We’ve all blithely thrown out casual lunch or dinner invitations that have later become cause for acute regret. The struggle with time constraints and family realities is real but, as Annabel and Wendy point out, your friends want to spend time with you and will certainly cope with domestic debris – especially if you’ve mastered their ‘one splendid thing done well’ mantra.
‘Special Guest‘ is a guide to taking simple basic dishes and turning them into something special with as little fuss as possible. This cookbook has you covered for any meal eventuality. The recipes are largely vegetarian, but many can happily accomodate the addition of meat, and there’s a selection that can be made vegan or gluten-free.
There are dishes with the wow factor, like an apricot, pistachio and rosewater coronet, for those who want to run with the whole ‘splendid’ option, and ideas for tarting up a simple salad or pasta dish for a fuss-free meal that can literally be thrown together for an impromptu lunch.
As the girls say, entertaining your friends shouldn’t result in tearful bouts of tidying (or ‘crydying’, as Annabel has christened it) and histrionics in the kitchen – it’s about having fun and being generous.
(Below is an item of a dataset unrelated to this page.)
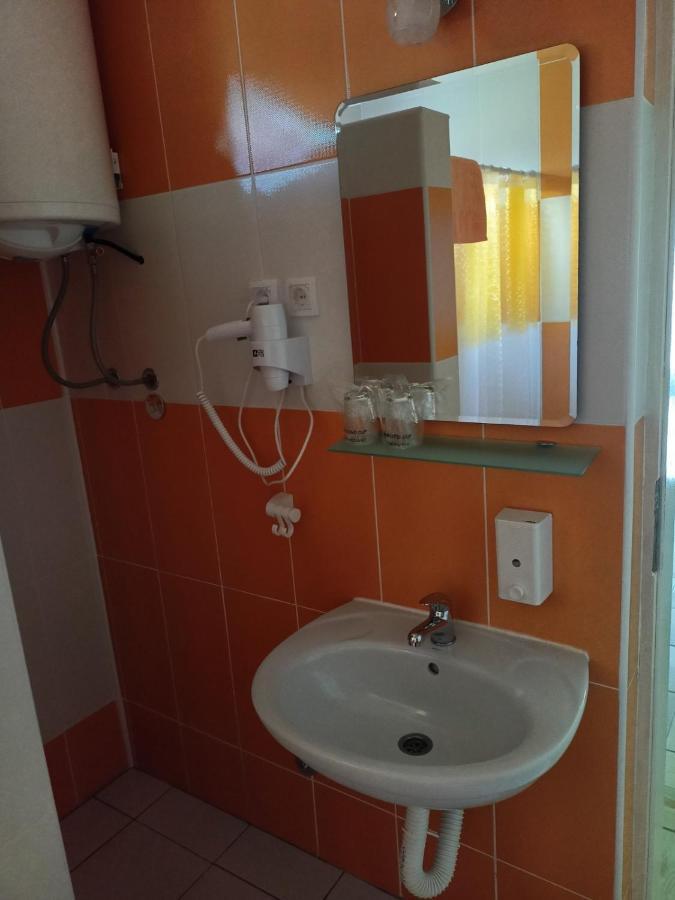 Апартаменты Apartman Fiva Pacir Экстерьер фото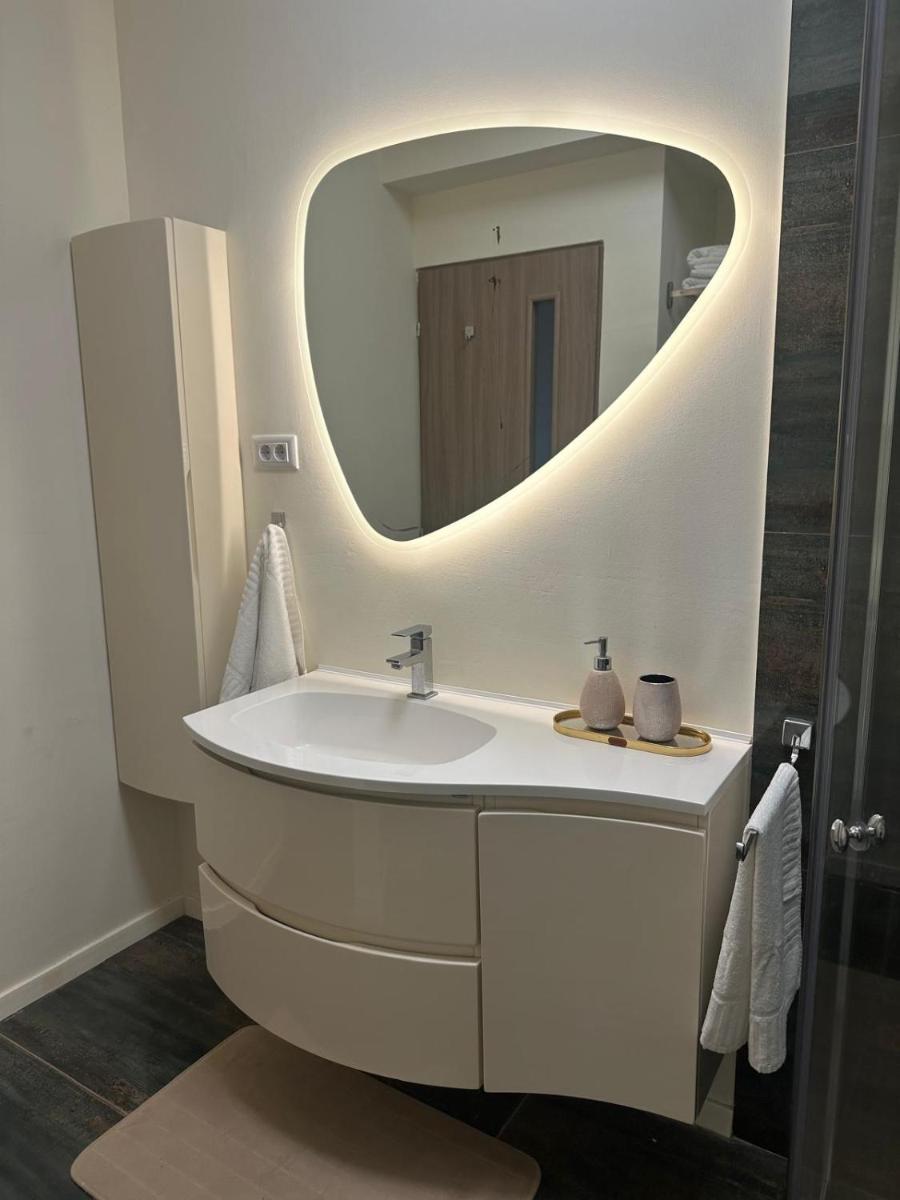 Sea View Luxury Apartament - Hizvo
Forget about the washing on the table – push it to one end and sit down with your guests for a chat and something delicious.
I feel sure ‘The Seven Culinary Wonders of the World‘, by Jenny Linford, will be of interest to many of my readers. It takes those with an interest in where their food has come from on a journey of discovery, exploring the origins and cultural history of seven everyday ingredients.
These are seven things that we all take for granted in our kitchens – pork, honey, salt, chilli rice, tomatoes and cacao – and each has a long, fascinating history. The stories behind some of these key ingredients are worthy of dedicated books (and some have them!) and in this book Linford walks us through their histories, methods of production and cultural significance, providing both traditional and modern recipes for each.
Each of these diverse foods has a fascinating story and Linford shares these in an engaging and accessible fashion. You’ll discover things about these staples that includes the importance of traditional community hog killing, the place of cacao in prehistoric South American cultures and the modern craft chocolate movement, the history of tomato sauce and why we enjoy the pleasurable pain of chillies.
Jenny Linford has written for the Financial Times, Time Out London Eating and Drinking Guide and has published several earlier food books. She’s cleverly condensed a wealth of research on these foods into a very approachable book and one that any committed food lover will enjoy.